Location
- 220 North Milby Street Houston, Harris County, Texas 77003 United States 29°45′07″N 95°20′01″W﻿ / ﻿29.751961°N 95.333556°W

Information
- Type: Public high school
- School district: Houston Independent School District
- Principal: Dr. Claudia Castillo
- Faculty: 20.11 (FTE)
- Grades: 9-12
- Enrollment: 485 (2017-18)
- Student to teacher ratio: 24.12
- Rivals: Eastwood Academy High School
- Website: Official Website

= East Early College High School =

School in Houston, Texas, United States

East Early College High School (EECHS) is a secondary charter school at 220 N. Milby Street in Houston, Texas, United States with a ZIP code of 77003.

The school is operated by the Houston Independent School District in association with the Houston Community College System Southeast Campus and the Bill and Melinda Gates Foundation.
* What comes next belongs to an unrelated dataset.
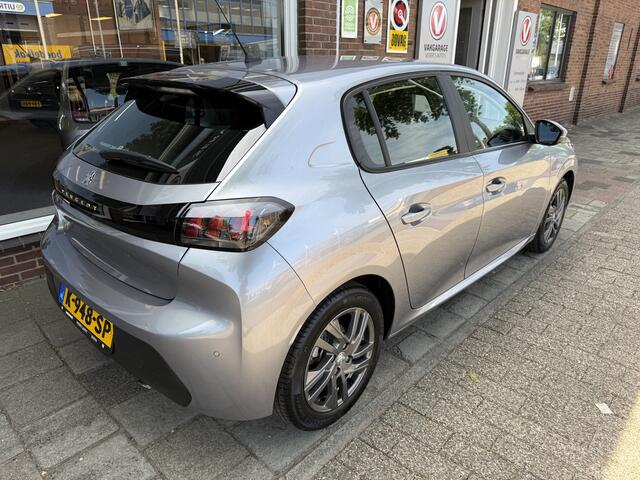 Peugeot 208 1.2 PureTech Active Pack | cruise control | elektrische ramen | navigatie |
The school is on the HCC Southeast Campus.

EECHS is a 2018 recipient of the U.S. Department of Education's Blue Ribbon School of Excellence award.

==History==
East Early College High School opened in fall 2006. It was supported by the Houston Independent School District, Houston Community College, the Bill and Melinda Gates Foundation, and the Texas High School Project. Following EECHS' inaugural year, Texas Education Agency awarded the school with an "Exemplary" rating.
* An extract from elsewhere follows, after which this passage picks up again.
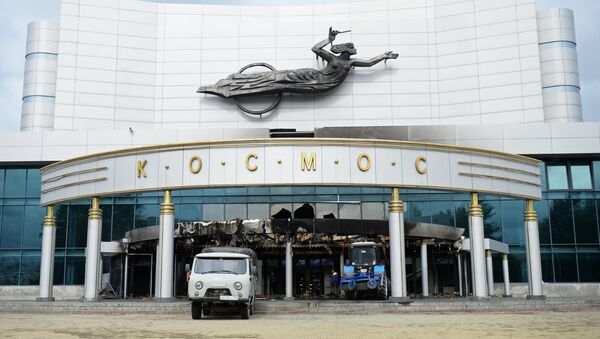 Здание киноконцертного театра Космос в Екатеринбурге, пострадавшее в результате пожара. Архивное фото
By 2009, construction began on the HCCS Felix Fraga Campus and the new East Early College facility. The facility, located at 220 N. Milby St. in Houston, TX, opened in August 2009 and was named in honor of Leonel Castillo, a Latino community activist in Houston, TX.
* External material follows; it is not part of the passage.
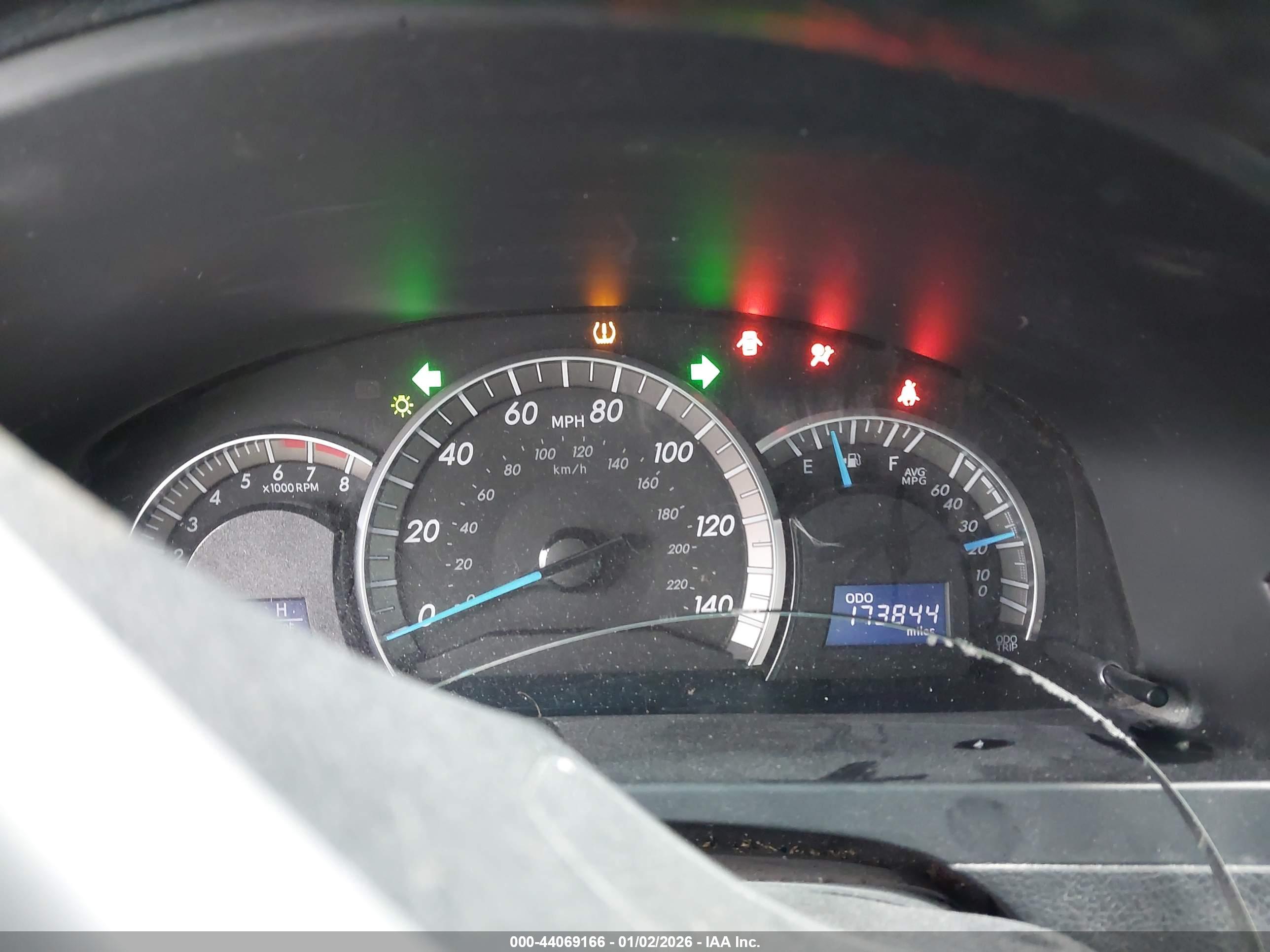 TOYOTA CAMRY image 7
In 2012, under the leadership of Principal Tamera Bolden, East Early College High School received the National Blue Ribbon Award from the U.S. Department of Education - the highest award a school can receive. In November 2018 - the first year of eligibility since the 2012 award - Principal Stephanie Square accepted East Early's second National Blue Ribbon Award in Washington D.C.

==Student body==
As of August 2019, East Early College High School serves about 460 students and their families.

==Admissions==
Students interested in attending East Early College High School are required to submit applications.